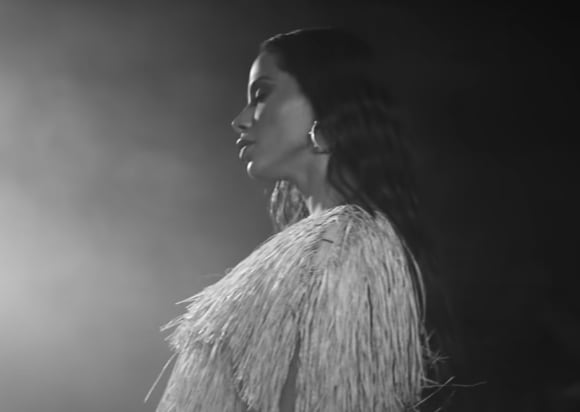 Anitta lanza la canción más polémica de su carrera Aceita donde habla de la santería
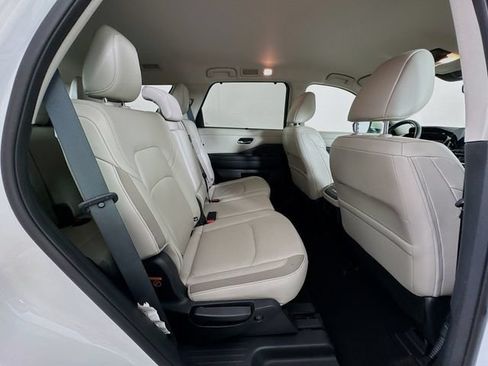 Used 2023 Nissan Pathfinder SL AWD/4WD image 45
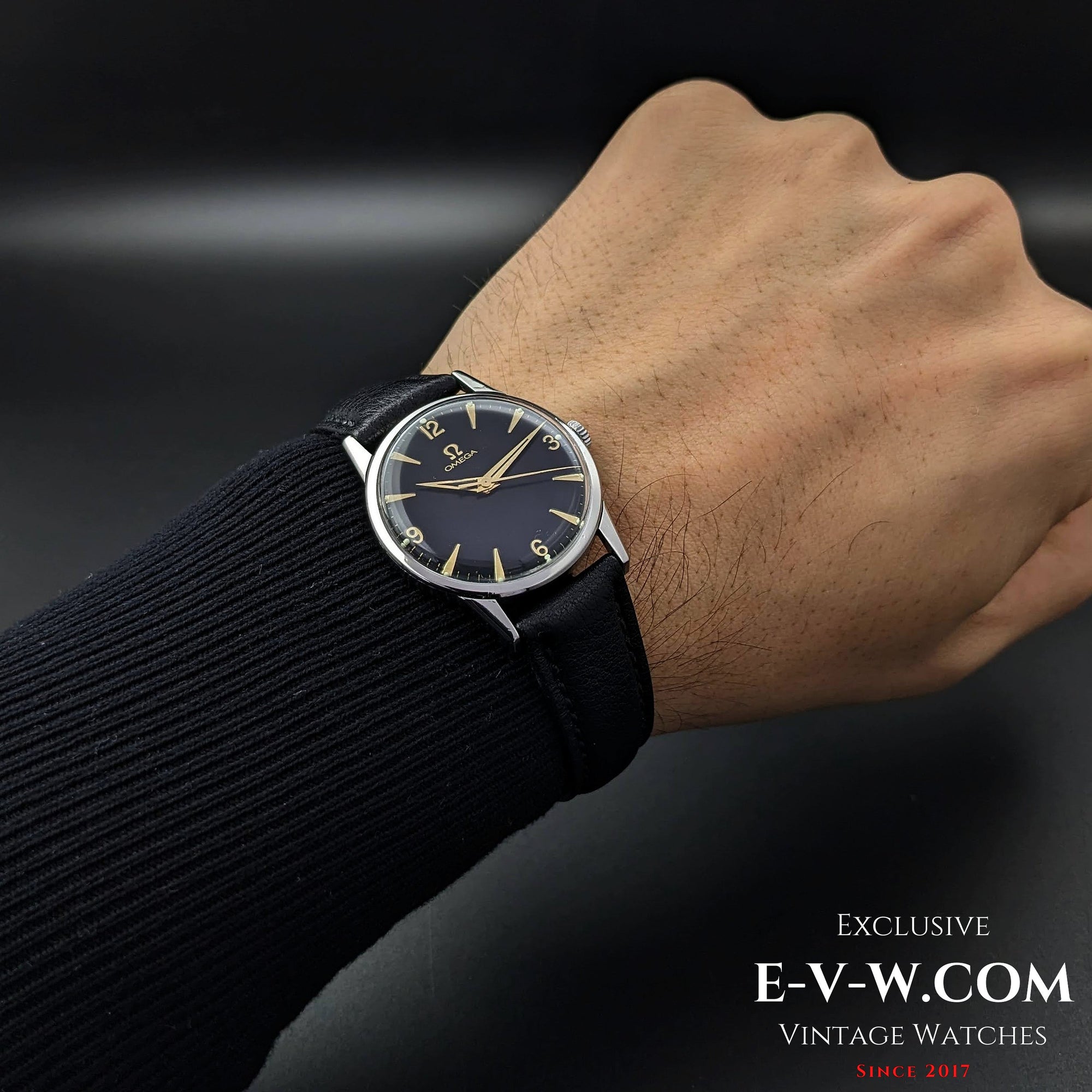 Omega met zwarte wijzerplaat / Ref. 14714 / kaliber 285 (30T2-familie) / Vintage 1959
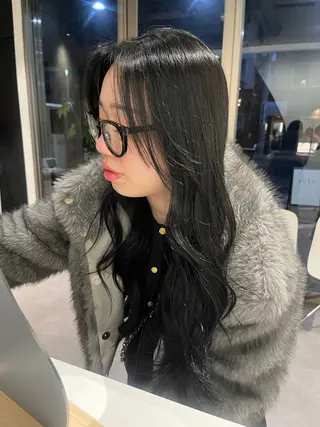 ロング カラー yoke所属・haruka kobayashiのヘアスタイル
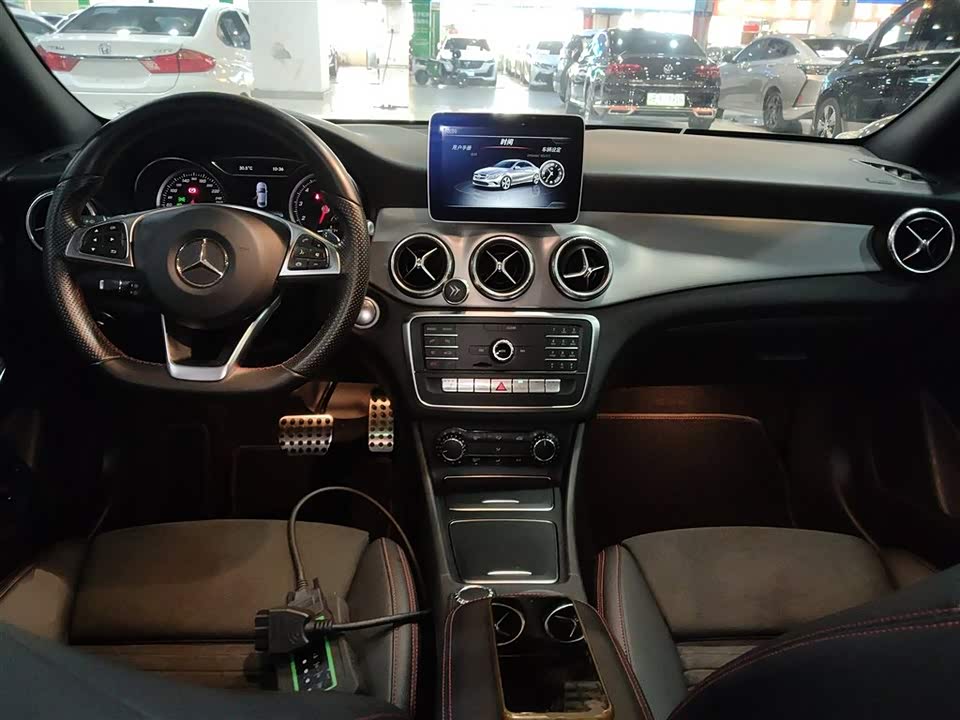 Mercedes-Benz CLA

################

Print exactly the lines from the one containing "ロング カラー yoke所属・haruka kobayashiのヘアスタイル" through the last line of the records, both included, and leave out the pictures.

 ロング カラー yoke所属・haruka kobayashiのヘアスタイル
 Mercedes-Benz CLA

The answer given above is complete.